# This is the part where you say hair grows back....



## KSC (Aug 6, 2009)

Right? I'm really upset with Kipling's first cut - we took him for a trim so we could see his eyes again and he got this ridiculous cut. We can see his eyes all right but the bangs are completely wrong! What do we do? Please help us to feel better. Poor Kipling...

Before - our cute shaggy boy - we happen to like a fluffy boy









And now for the after shots..the profile one shows just how bad the bangs are....sigh


----------



## luv3havs (Jul 27, 2007)

I feel your pain. Cali got the exact cut today. (My battery is dead or I'd post a picture)

Yes, it will grow back..


----------



## KSC (Aug 6, 2009)

We can commiserate then....how long before they look normal again??


----------



## luv3havs (Jul 27, 2007)

I'd say a couple of weeks and they'll look more like their old selves.
But they are still cute.
I couldn't believe Cali's cut, because her groomer usually does a great job.


----------



## KSC (Aug 6, 2009)

What did they do wrong? My sense is the bangs at the top are just way too short.


----------



## milomyguy (Oct 2, 2009)

awww...I def like the before shot better but is he is still an amazingly cute little pooch! And it will grow back before you know it!


----------



## Beamer (Jan 29, 2007)

At least he still looks really cute! It will grow back in a couple weeks.. no worries!!

Ryan


----------



## susieg (Aug 28, 2009)

I think Kipling looks cute! The bangs are a little "severe" from the side profile....but isn't the blunt bang look in right now  How old is Kipling? I'm trying to decide when to take Lola for her first trip to the groomer. I want to get her used to it while she's young because I probably won't be doing my own grooming.


----------



## Sheri (Oct 11, 2008)

He looks a lot better than SOME grooming sessions have resulted in! Actually, I think he looks really good, other than the blunt bang-job. He's a cutey!
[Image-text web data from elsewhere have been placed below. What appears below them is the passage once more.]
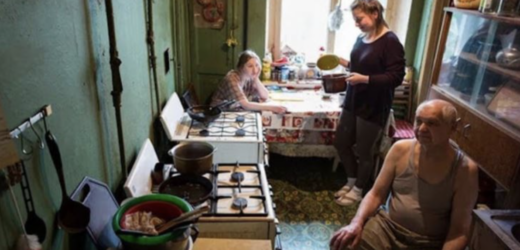 Нас у батьків двоє: я та молодший на п’ять років брат. Батьківська хата у спадок залишилася нам обом. На той час я встигла накопичити на власну маленьку квартиру, а брат ще мав знайти собі житло, тому я сказала йому, що він може переоформити весь будинок на себе, мені він потрібен менше, ніж йому.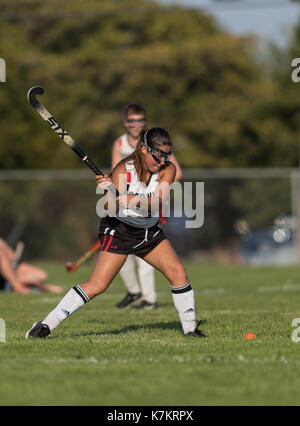 Campo di hockey di azione con corning vs. chico high school di Corning, California. Foto Stock
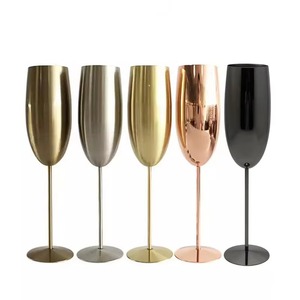 Verre à vin élégant en métal, moderne, avec pied argenté, pour bar - Product Image 1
However, I don't think it would be hard for you to perk up and modify a bit so it didn't look quite so blunt, if you wanted. Here's a link to a way to make that area look more jagged and natural:

http://havaneseforum.com/showthread.php?t=2882&highlight=Sierra+style


----------



## Mom2Izzo (Jul 1, 2009)

I think he looks really cute! I had the same thing happen with Izzo last week. I took him in for his first trim and he came home with a shaved nose. I think once you get over the initial shock you will actually like it. I am ready for Izzo's nose hairs to grow back but I actually like being able to see his sweet, endearing eyes now. I now know what to tell our groomer NOT to do. I can see why you are upset about the bangs. the groomer should have textured them and made them longer on the sides, not so blunt and straight. It will grow!!!!! I know how you feel!


----------



## Annie Clark (Nov 6, 2008)

I am glad I am reading this becaues Nala has an appointment tomorrow for a grooming. I love her long haired but the snow just sticks to all of her leg hair. I think I might just try and trim her bangs myself and not let them touch it!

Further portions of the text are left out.